Hunharlığa tepkileri, şimdilik Suud ailesine acımasız ve maksatlı bir saldırı olarak tanımlıyor. Yarın da Müslümanlığı kalkan yapmaması için bir neden var mı?
Prens Selman’a tepkiyi, Kabe’nin hizmetkarı kimliği yüzünden hedef alınıyor gibi göstermesinin önünde ne engel var?
‘Hizmetkarını beğenmiyorsanız Mekke’nin, Medine’nin nimetlerinden niye yararlanıyorsunuz, hacca ve umreye de gelmeyin o zaman’ demekten ne alıkoyabilir böyle bir kafayı?
Bu durumda prense ‘saygısızlık’, dışarıdan geliyorsa İslam düşmanlığı ve Müslüman nefretindendir... İslam dünyasından geliyorsa gafletten, ihanetten ve gavur ajanlığından...
Hristiyan Demokrat lider Merkel’in, kendisine karşı yürütülen muhalefeti Hristiyanlığa saldırı olarak sunduğunu duydunuz mu hiç? Ya, karşıtlarını Almanya’yı sevmemekle, düşmana çalışmakla, dini ve vatanı satmakla itham ettiğini düşünebiliyor musunuz?
Ya da hükümetlerini çıkar uğruna Kaşıkçı cinayetini örtbasa göz yummakla eleştiren, yeterli tepkiyi vermediği için yerden yere vuran İngiliz muhalefetini alın.

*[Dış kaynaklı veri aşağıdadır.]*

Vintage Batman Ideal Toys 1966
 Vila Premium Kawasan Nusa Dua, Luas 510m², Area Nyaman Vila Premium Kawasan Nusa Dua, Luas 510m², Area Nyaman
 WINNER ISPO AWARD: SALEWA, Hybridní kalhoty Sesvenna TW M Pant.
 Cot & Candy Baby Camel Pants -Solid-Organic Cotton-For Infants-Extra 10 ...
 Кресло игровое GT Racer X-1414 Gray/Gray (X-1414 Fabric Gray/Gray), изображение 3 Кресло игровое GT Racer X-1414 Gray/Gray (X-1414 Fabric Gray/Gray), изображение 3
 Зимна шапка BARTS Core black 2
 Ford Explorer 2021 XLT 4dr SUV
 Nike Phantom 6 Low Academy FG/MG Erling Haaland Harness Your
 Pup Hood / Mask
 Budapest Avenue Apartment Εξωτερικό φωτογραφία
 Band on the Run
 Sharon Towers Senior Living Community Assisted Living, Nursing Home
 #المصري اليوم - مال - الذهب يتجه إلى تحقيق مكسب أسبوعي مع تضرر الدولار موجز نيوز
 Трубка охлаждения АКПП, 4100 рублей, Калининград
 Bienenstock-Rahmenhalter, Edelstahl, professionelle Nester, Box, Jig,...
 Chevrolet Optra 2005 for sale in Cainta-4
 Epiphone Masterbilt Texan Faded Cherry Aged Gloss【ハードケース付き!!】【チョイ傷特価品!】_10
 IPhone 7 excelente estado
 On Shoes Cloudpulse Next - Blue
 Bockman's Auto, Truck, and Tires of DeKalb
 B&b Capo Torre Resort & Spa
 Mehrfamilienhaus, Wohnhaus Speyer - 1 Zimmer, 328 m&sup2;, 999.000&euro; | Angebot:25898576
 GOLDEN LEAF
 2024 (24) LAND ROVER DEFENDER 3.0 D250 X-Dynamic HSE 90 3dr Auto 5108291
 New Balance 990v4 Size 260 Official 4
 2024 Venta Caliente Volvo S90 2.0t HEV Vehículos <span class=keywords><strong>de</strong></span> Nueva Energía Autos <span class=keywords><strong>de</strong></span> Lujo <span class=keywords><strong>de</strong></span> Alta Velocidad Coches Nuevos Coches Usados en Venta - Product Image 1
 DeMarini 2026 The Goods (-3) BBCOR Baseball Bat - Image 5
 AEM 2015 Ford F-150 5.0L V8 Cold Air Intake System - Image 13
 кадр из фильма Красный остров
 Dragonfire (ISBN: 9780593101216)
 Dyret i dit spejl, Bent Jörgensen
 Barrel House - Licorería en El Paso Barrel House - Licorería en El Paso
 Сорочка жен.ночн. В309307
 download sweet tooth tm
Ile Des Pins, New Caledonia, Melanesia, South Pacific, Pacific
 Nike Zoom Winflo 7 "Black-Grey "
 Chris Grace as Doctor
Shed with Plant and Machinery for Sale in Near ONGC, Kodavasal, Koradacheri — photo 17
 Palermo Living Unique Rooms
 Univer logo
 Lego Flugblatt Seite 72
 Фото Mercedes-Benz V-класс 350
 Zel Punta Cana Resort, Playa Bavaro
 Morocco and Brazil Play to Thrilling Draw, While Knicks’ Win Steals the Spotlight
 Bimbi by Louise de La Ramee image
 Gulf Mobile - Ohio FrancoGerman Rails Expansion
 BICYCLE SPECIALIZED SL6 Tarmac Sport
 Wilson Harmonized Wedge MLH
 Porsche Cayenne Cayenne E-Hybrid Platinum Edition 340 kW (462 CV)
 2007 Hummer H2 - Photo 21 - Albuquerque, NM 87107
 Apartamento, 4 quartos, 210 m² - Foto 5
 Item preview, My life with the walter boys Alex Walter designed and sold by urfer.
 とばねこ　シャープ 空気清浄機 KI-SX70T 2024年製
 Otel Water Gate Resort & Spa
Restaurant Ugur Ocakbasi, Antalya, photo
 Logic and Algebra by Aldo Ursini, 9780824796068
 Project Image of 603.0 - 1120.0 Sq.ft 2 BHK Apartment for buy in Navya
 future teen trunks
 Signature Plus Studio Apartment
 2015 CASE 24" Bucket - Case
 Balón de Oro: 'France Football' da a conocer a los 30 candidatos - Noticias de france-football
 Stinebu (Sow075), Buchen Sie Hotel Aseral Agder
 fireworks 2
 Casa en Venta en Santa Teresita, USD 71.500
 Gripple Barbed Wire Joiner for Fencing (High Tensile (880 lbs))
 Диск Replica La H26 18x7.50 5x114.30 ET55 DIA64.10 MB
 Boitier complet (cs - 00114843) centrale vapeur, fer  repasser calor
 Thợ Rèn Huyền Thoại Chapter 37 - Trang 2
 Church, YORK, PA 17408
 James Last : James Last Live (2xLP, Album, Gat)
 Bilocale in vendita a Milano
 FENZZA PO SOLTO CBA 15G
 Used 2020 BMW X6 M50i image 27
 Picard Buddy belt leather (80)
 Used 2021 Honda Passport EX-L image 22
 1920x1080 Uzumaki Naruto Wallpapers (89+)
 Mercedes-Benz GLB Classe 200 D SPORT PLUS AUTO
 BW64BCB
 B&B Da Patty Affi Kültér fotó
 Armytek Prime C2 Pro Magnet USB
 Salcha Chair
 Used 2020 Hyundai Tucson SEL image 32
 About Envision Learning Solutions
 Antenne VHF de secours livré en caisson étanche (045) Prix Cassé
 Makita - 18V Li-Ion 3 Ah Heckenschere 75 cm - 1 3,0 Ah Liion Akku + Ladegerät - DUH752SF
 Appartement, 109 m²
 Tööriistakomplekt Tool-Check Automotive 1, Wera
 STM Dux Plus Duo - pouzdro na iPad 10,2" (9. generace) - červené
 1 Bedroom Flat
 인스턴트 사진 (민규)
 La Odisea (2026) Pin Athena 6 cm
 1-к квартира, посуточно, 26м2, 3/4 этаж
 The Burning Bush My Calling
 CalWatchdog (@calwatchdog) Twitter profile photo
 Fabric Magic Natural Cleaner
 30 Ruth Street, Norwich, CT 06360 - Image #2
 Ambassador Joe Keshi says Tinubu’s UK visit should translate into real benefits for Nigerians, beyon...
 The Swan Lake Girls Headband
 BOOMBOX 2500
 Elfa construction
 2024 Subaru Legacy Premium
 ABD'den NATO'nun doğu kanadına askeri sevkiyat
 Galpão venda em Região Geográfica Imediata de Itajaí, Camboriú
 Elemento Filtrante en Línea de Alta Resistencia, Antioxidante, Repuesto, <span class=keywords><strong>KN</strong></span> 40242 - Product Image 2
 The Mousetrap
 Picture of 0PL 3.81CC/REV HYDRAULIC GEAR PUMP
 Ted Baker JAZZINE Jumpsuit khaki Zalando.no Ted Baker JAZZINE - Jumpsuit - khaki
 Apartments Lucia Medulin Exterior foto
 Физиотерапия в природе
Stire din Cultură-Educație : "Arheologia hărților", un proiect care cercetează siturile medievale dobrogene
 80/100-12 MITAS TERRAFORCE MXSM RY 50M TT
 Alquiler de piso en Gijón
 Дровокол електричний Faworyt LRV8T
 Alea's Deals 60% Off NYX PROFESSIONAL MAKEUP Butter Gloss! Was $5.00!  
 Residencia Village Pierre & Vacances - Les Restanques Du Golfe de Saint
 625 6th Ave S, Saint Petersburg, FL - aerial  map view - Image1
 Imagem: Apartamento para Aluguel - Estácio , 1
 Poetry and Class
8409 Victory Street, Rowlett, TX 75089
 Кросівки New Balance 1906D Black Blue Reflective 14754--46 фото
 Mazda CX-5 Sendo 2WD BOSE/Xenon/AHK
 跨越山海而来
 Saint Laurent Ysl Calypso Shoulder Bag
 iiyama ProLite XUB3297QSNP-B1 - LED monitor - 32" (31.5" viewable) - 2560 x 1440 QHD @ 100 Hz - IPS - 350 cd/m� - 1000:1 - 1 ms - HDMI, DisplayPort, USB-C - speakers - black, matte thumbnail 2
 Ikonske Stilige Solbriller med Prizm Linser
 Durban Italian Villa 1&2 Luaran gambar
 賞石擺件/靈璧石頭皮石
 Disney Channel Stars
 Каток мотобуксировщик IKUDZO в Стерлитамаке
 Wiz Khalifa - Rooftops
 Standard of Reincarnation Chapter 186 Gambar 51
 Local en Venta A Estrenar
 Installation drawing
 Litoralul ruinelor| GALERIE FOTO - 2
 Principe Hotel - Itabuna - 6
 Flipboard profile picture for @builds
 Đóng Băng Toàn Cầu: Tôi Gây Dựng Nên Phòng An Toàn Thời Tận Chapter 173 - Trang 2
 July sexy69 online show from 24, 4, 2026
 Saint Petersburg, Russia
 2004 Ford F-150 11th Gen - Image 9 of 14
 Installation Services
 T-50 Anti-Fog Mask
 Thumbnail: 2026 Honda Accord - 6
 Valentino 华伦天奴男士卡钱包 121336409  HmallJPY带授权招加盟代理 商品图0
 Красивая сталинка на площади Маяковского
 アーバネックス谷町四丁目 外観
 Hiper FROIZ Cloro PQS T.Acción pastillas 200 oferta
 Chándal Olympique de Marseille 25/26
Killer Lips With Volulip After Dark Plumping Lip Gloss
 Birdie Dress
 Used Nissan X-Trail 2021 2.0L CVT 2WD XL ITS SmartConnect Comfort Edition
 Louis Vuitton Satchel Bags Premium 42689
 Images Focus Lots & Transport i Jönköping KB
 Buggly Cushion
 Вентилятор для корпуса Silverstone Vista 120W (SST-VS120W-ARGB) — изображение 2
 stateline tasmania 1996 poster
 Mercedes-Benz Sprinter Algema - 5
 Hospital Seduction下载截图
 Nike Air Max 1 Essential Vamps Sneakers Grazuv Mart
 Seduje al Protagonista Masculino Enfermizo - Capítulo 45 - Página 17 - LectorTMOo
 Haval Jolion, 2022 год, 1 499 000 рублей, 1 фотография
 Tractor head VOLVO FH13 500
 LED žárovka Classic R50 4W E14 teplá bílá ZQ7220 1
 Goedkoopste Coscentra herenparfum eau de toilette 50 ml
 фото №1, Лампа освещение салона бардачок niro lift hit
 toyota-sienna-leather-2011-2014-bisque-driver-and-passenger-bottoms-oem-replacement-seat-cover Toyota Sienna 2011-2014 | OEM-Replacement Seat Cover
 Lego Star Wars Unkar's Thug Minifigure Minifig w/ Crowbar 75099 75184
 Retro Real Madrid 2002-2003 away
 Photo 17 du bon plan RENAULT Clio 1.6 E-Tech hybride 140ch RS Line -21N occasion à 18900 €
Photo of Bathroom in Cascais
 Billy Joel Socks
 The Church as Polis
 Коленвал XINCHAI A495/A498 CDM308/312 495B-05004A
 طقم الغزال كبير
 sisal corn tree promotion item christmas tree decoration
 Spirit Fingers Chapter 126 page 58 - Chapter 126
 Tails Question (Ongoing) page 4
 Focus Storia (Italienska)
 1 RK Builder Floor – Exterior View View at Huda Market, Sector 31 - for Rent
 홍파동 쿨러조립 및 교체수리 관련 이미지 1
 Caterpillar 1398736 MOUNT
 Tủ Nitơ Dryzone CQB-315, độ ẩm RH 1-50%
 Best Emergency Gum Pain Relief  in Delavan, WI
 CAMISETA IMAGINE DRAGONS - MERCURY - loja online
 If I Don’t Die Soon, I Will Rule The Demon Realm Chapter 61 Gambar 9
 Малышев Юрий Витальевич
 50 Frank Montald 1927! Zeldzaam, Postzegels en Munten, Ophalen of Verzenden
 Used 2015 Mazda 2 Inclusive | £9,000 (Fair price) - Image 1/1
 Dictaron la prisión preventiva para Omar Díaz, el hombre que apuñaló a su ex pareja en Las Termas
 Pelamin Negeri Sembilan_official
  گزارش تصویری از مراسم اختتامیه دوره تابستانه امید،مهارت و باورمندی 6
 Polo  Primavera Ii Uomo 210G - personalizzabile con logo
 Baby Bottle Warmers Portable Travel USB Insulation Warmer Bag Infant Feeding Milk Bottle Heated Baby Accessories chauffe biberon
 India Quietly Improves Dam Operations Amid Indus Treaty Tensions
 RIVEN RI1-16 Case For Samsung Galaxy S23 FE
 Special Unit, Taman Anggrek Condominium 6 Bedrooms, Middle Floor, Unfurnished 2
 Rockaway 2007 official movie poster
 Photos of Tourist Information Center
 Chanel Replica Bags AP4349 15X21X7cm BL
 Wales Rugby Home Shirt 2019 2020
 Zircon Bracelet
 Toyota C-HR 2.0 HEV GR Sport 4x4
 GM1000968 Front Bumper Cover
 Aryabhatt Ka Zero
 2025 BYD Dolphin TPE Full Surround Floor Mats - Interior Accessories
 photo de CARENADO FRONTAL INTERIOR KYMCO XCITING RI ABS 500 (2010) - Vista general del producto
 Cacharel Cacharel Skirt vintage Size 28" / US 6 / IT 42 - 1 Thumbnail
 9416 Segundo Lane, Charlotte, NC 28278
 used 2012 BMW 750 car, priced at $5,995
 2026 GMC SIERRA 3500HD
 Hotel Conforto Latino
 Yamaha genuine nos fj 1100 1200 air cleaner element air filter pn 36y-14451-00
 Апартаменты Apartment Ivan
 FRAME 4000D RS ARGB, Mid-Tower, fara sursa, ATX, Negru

Muhafazakar Başbakan May’in, muhalefeti devlete saygısızlık, İngiltere’ye ihanet ve Hristiyanlığı arkadan hançerlemekle suçladığı görülmüş şey mi?
***
Orhan Gencebay, ‘adaba aykırı’ yani sınırı aşan eleştirileri kastediyor gerçi. “Devlete saygı duymayan, bu ülkenin ninetlerinden yararlanmasın” sözüyle maksadı aştığı anlaşılıyor.
Saygısızlıktan kastı ‘ağır eleştiri’ değilse, kendisine yönelik galiz küfür ve hakaretlerdir.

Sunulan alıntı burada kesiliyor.